Minggu, 26 April 2015

Orientasi Hasil atau Proses ?

Mana yang lebih penting, proses atau hasil? Apakah kita akan menempuh segala cara agar anak mau melaksanakan shalat? Tak peduli apakah harus dengan paksaan, ancaman atau hukuman, yang penting anak mau shalat? Banyak terjadi ketika kita menyuruh anak-anak untuk shalat dengan cara-cara seperti itu. Di tempat anda seperti itukah?
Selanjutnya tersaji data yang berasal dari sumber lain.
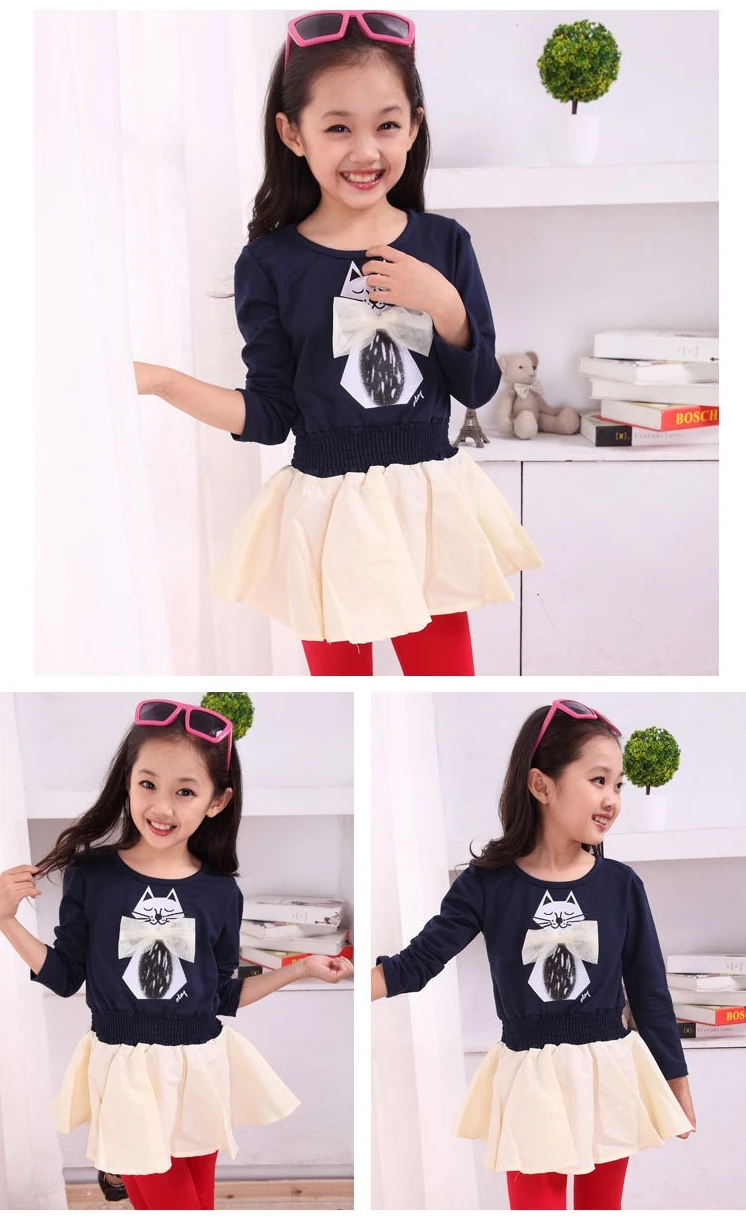 

3-10Y Kids Dress For Girls Long Cartoon Cat Printed Teenage Girls Party Dress Spring Autumn Children Clothes girl Splice dresses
Begitu banyak orang lupa bahwa proses jauh lebih penting daripada hasil. Proses pembelajaran yaitu usaha yang dilakukan anak adalah merupakan lahan perjuangan yang sebenarnya. Sedangkan hasil yang akan diperoleh nantinya tidak bisa dijadikan patokan keberhasilannya, karena ada banyak faktor yang mempengaruhi selain dari pengaruh proses atau usaha anak saja. Orang yang cenderung lebih mengutamakan hasil tidak terlalu mempermasalahkan proses pencapaian hasil tersebut dilakukan benar atau salah, secara halal atau tidak,
Sebuah contoh bisa diambil dari sekolah yang membuat buku penilaian aktifitas shalat para siswa selama di rumah. Orangtua wajib memberikan tanda ceklis jika anak melakukan shalat di rumah dan tanda silang ketika mereka tak melakukannya. Dengan tujuan memotivasi siswa, guru memberikan janji hadiah kepada mereka yang memiliki pelaporan yang baik di bukunya itu. Sayangnya, pihak sekolah tidak tahu cara untuk mengetahui kebenaran isi buku tersebut. Jujur tidaknya ketika orangtua mengisi, atau bahkan siswa sendirilah yang secara diam-diam mengisikan tanda ceklis di bukunya. Pihak sekolah tidak merasa penting menilai alur proses yang terjadi dalam menumbuhkan kebiasaan siswanya shalat, tetapi hanya menstandarkan pemberian hadiah pada hasil saja yaitu bukti yang tertera di buku pemantauan tersebut. Hal ini membawa akibat menimbulkan permasalahan baru karena membuka kecenderungan bagi siswa untuk berbuat tidak jujur hanya demi memperoleh hadiah atau bahkan orangtua pun terdorong untuk tidak jujur karena pengaruh naluri keorangtuaannya yang menginginkan anaknya memperoleh sanjungan dan keberhasilan di sekolah.
Kemudian, pemberian hadiah juga perlu pikirkan secara matang. Hadiah bisa diberikan dalam bentuk materi atau non materi. Dalam bentuk materi, bisa berupa uang atau barang. Dibandingkan dengan bentuk hadiah materi lainnya, hadiah berupa uang justru lebih banyak memiliki faktor negatif. Tidak semua anak siap untuk memanfaatkan dengan benar uang yang ada di tangannya. Diperlukan kecerdasan finansial tersendiri agar uang di tangan mereka tidak terbuang percuma atau bahkan bisa berbalik mencelakakannya. Itu sebabnya, pemberian hadiah berupa uang masih boleh dilakukan sepanjang orangtua atau pendidik menyertai pemberian tersebut dengan bimbingan dan arahan agar anak mampu mengelola uangnya tersebut dengan baik. Akan lebih baik lagi jika hadiah berupa uang diberikan tetapi dengan syarat untuk ditabung atau untuk membeli keperluan sekolah.
Masih banyak alternatif bentuk hadiah materi lain yang lebih baik daripada uang. Diantaranya adalah hadiah yang bernilai edukatif, atau benda-benda yang memang menjadi kebutuhan anak, sehingga mau tidak mau dalam bentuk hadiah ataupun tidak, tetap saja orangtua harus membelikannya. Tas dan sepatu misalnya, atau tempat bekal sekolah, tempat pensil hingga kaos kaki yang rutin dibeli tiga bulan sekali. Daripada nantinya harus membelikan juga, tak ada salahnya memberikan kebutuhan-kebutuhan dalam bentuk hadiah.